The difference between an accountant and the strategic CFO (Chief Future Officer) is the accountant will calculate and pay whatever commission they are given, whereas the strategic CFO will help their CEO understand the entire journey of the commission dollar and its impact on the organization.

 

Before a commission plan is implemented, consider these five impacts:

 

  1. Who will have plan accountability and oversight to avoid fraud, abuse and plan obsolescence?
  2. What metrics will be used to measure/monitor that the plan drives the desired short and long-term results?
  3. How complicated is the plan to administer? Calculate? Pay out?
  4. Should there be a commission clawback provision?
  5. How does the plan fit into the overall compensation structure of the organization

 

If the journey of the commission dollar begins with a few conjectural quantitative analyses, you may avoid implementing a plan that does not achieve the desired outcome or has unintended effects. You can create a system that is full of opportunities to take advantage of the system and in some cases create fraud. If your idea on how to calculate commission is not fully vetted with several “what if” quantitative analyses, you could find yourself in a situation where you are having to revisit and revise the plan continually until you hit on a formula that works.

 

Consider the following “real life” scenarios:

 

The Scenario: The accounting department found they were spending days calculating the commission. The decision-makers who developed the plan were not aware of the mountain of work they created by failing to test the end-to-end process to administer the plan. Get your financial strategist involved to help think through the commission calculation. Test that the calculation will not be unreasonably time-consuming while you are creating the plan and before you communicate it to the sales team.

 

The Scenario: The commission plan may incent the sales personnel to bring on unprofitable or uncollectible revenue dollars. A commission plan that includes a clawback provision builds in responsibility so the commissioned sales person is a participating party to the business. The clawback items should include account receivable write offs, returns and credits and any other reductions of revenue that may occur with the customer. Without this, the sales person is just interested in getting the business on the books. The recent mortgage crisis is a great example of this, as the mortgage brokers selling the mortgages received the initial commission on the mortgage and had no clawback if the mortgagee defaulted on the mortgage.

 

The Scenario: The commission amount is so low, not only does it not incent any increased sales, it also wastes accounting infrastructure to administer. I recently learned of a retail establishment that began an incentive program to provide each employee $20 per month if the store met its monthly goal of thousands of dollars of sales for the month. The manager would ask the employees who had worked a 12-hour shift if they would like to stay later so they could make the extra sales to receive their incentive for the month. The exhausted employees laughed about this behind the managers back – the low bonus and high hours to earn it served as a disincentive to meet the sales goals. The store manager and accounting department were exerting energy to calculate a program that was irritating the customer-facing employees. This is not a good investment.

 

Take the time to evaluate new or changing commission programs by considering the full journey of the commission dollar. Make sure you are actually providing a healthy incentive to your sales professionals without creating an expensive or inadequate process to administer the commission payment.

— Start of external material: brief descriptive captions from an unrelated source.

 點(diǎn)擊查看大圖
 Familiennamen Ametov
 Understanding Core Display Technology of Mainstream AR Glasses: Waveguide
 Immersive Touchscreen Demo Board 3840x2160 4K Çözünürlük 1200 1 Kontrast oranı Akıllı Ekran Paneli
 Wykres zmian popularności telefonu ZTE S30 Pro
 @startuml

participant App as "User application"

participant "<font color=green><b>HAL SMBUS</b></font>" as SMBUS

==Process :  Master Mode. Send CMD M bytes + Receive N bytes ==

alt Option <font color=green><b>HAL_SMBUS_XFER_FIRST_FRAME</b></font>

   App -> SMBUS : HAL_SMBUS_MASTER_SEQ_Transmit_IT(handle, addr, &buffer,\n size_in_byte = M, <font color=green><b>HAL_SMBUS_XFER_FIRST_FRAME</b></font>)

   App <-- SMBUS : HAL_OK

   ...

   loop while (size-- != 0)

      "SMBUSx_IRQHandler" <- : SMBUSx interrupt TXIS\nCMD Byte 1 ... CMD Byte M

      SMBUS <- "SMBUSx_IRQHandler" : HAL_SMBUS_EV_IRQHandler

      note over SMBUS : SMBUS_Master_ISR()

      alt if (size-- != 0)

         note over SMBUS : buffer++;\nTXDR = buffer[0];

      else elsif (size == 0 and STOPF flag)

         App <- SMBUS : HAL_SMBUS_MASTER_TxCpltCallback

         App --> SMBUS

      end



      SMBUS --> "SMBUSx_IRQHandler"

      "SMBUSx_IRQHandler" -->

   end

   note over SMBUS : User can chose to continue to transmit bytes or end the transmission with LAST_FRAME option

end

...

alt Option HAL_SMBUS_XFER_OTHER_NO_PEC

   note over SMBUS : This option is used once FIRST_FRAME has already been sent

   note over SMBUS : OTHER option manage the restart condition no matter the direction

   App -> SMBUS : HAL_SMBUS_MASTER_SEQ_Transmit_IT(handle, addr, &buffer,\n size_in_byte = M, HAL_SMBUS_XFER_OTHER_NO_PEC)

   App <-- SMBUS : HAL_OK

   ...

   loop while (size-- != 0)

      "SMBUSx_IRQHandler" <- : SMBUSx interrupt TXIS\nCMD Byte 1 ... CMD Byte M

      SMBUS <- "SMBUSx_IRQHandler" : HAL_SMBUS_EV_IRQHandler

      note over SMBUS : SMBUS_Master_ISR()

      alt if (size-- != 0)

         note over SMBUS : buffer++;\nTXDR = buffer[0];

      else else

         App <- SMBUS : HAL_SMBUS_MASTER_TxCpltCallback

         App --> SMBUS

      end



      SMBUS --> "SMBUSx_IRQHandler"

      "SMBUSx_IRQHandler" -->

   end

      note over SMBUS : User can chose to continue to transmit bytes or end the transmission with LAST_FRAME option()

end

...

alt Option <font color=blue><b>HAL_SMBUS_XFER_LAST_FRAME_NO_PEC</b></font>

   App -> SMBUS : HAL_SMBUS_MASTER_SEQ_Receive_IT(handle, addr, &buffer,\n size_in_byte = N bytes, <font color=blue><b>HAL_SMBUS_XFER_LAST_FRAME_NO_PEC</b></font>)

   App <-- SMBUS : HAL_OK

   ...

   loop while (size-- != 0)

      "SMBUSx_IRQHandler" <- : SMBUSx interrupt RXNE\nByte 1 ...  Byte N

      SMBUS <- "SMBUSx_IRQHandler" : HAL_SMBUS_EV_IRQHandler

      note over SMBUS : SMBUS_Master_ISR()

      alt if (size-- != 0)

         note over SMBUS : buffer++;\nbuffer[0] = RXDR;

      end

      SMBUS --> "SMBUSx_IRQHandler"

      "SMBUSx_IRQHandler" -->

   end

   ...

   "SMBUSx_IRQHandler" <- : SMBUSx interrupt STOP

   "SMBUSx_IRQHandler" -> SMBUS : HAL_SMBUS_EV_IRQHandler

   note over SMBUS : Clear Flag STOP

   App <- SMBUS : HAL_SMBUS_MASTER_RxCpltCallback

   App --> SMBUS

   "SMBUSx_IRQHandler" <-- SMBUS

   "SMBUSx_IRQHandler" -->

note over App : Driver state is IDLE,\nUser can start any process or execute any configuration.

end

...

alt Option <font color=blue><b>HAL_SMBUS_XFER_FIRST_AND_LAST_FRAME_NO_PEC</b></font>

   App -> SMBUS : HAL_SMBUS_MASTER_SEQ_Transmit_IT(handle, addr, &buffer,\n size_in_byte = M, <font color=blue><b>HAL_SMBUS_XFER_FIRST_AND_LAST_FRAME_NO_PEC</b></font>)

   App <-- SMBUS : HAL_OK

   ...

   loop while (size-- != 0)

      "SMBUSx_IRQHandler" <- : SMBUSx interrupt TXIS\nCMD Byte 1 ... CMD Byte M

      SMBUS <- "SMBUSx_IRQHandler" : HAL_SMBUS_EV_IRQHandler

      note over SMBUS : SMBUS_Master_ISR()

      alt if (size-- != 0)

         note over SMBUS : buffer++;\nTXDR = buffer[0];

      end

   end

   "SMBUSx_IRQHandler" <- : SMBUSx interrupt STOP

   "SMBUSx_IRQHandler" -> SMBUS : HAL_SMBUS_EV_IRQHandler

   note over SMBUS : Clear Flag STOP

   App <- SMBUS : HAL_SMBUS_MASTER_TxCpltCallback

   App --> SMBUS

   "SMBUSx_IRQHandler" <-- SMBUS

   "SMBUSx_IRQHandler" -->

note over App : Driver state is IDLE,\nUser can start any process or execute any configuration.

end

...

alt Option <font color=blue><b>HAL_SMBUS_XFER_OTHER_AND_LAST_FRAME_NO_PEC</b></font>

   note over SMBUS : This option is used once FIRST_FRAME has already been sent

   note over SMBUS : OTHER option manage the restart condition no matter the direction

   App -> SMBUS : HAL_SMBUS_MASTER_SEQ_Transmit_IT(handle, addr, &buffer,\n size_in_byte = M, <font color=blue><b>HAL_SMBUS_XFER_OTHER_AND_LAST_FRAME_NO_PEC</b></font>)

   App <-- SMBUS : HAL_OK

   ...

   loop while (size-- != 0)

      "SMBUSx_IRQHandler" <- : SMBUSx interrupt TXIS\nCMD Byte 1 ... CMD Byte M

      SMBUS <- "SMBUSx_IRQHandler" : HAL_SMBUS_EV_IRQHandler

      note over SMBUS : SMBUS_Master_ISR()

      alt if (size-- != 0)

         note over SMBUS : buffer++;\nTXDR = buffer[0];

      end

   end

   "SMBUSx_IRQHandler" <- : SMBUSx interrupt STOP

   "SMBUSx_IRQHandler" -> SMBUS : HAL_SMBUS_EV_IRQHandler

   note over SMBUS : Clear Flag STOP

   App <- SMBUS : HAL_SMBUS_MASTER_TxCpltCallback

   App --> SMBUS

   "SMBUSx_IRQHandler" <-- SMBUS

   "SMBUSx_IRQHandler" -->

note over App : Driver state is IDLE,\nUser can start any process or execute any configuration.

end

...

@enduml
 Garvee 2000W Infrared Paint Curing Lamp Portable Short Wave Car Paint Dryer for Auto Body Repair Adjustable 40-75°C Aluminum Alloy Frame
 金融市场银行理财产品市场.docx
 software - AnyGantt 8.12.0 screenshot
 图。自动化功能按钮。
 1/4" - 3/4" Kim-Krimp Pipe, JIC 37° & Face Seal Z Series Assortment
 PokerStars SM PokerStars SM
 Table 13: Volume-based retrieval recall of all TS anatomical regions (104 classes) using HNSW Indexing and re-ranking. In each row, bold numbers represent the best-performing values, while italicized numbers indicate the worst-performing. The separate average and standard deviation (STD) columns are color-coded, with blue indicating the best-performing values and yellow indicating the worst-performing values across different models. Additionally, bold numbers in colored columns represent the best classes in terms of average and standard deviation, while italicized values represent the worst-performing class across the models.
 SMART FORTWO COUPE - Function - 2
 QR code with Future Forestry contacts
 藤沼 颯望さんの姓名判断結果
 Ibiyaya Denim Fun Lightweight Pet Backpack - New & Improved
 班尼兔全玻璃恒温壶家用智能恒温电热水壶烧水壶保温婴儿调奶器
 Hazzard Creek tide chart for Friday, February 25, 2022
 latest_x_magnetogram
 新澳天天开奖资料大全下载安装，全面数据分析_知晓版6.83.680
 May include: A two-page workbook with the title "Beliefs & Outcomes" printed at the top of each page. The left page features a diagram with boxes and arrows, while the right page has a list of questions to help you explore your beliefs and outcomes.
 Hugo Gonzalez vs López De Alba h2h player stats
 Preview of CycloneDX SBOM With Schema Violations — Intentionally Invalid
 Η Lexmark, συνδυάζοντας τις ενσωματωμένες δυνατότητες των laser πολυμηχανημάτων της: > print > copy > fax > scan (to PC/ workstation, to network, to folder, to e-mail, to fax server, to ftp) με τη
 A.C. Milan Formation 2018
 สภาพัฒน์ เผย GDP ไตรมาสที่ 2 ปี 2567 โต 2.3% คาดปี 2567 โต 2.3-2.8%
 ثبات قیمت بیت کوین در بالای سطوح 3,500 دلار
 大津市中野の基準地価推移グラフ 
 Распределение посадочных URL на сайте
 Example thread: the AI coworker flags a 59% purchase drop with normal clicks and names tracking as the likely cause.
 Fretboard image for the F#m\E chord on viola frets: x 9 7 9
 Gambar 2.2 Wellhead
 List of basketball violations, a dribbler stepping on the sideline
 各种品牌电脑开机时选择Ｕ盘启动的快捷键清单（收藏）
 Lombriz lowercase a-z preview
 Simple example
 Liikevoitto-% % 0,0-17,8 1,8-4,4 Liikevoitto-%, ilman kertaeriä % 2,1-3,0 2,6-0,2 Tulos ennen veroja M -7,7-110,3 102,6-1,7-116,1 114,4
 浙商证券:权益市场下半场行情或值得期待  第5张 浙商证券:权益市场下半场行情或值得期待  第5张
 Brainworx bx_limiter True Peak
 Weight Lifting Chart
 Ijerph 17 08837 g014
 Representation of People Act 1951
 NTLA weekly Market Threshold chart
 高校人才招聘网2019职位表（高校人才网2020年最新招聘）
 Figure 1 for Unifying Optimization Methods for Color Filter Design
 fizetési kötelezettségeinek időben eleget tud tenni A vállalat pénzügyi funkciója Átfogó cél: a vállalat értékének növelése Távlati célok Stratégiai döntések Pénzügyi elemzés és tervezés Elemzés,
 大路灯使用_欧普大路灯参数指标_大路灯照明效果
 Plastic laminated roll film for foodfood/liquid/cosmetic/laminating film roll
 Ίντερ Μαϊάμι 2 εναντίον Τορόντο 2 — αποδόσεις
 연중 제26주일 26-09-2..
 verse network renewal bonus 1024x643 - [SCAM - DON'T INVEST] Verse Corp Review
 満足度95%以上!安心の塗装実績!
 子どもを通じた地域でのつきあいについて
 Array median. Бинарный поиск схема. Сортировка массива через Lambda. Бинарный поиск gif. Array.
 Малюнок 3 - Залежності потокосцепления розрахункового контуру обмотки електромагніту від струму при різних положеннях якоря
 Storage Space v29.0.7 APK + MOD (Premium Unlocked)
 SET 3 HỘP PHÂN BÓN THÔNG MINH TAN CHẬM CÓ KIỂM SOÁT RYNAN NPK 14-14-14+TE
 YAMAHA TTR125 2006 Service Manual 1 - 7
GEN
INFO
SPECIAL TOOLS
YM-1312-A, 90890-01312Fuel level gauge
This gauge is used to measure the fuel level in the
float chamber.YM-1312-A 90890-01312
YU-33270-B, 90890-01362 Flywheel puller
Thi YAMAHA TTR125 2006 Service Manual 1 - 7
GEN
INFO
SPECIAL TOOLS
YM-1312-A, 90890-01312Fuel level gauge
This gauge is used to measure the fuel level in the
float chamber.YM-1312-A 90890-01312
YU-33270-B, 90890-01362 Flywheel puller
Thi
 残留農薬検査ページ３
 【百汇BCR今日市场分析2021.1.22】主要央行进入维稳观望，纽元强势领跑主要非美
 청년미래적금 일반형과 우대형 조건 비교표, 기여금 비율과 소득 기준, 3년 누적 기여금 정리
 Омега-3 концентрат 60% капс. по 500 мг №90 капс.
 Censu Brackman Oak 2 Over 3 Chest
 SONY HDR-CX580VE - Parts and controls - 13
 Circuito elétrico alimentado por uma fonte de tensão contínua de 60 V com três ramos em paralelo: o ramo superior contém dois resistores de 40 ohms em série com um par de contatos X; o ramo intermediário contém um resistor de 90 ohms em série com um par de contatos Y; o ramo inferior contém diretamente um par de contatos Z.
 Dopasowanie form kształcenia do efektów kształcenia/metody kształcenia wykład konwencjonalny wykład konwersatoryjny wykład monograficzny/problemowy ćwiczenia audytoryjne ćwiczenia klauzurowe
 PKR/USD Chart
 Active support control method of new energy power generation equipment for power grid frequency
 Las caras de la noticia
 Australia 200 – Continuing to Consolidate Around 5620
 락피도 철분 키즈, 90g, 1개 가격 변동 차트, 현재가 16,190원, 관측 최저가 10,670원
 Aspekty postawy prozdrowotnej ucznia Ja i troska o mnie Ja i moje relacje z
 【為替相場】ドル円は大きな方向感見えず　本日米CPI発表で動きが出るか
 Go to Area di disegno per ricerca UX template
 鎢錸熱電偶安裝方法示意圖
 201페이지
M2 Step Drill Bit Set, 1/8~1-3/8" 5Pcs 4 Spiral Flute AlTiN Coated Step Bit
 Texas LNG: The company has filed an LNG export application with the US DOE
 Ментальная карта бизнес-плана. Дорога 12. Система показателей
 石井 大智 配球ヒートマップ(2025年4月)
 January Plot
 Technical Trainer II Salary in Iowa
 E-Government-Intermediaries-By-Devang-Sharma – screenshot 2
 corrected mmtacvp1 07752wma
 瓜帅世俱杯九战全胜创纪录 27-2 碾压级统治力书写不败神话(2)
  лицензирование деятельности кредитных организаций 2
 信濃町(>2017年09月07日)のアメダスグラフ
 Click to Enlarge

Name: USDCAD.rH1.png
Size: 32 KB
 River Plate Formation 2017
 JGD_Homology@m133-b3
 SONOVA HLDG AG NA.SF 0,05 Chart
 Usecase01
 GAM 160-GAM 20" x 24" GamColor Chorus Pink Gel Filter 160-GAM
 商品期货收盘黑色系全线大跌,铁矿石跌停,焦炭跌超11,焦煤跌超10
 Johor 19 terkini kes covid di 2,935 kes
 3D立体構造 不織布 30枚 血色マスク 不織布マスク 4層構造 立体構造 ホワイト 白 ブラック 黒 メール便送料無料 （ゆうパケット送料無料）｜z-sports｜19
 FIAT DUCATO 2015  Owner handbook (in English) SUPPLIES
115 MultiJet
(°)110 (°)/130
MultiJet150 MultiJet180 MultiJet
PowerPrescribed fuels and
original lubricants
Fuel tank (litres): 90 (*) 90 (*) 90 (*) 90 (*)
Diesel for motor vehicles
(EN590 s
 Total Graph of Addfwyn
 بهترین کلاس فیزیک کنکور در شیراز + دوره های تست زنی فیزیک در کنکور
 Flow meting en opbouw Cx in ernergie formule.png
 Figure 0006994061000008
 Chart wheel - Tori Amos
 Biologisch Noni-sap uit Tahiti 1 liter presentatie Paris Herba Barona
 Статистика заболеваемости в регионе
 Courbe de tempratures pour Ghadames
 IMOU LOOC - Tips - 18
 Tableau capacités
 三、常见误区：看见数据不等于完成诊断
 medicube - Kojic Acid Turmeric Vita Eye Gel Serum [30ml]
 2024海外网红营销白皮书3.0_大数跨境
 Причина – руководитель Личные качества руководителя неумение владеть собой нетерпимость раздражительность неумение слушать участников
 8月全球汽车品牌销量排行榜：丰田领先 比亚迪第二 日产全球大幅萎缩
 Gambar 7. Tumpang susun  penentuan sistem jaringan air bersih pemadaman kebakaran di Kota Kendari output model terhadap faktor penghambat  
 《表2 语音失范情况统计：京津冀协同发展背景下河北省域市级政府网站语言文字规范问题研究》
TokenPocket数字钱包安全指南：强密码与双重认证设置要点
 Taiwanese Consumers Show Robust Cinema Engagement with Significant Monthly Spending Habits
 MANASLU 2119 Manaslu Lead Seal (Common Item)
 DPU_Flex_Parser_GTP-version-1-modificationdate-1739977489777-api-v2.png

Streamlined Month-End Reporting is an Investment in Your Business

Each month end, financial reporting packages are prepared in companies across the nation and promptly filed…somewhere. In most cases, the accounting team has prepared these analyses and turned them over to a senior leadership team who really does not understand how to use them to run the business. Reams of paper reports stand in piles, creating more of an environmental concern due to the use of paper, than the financial concern needed to effectively run the business.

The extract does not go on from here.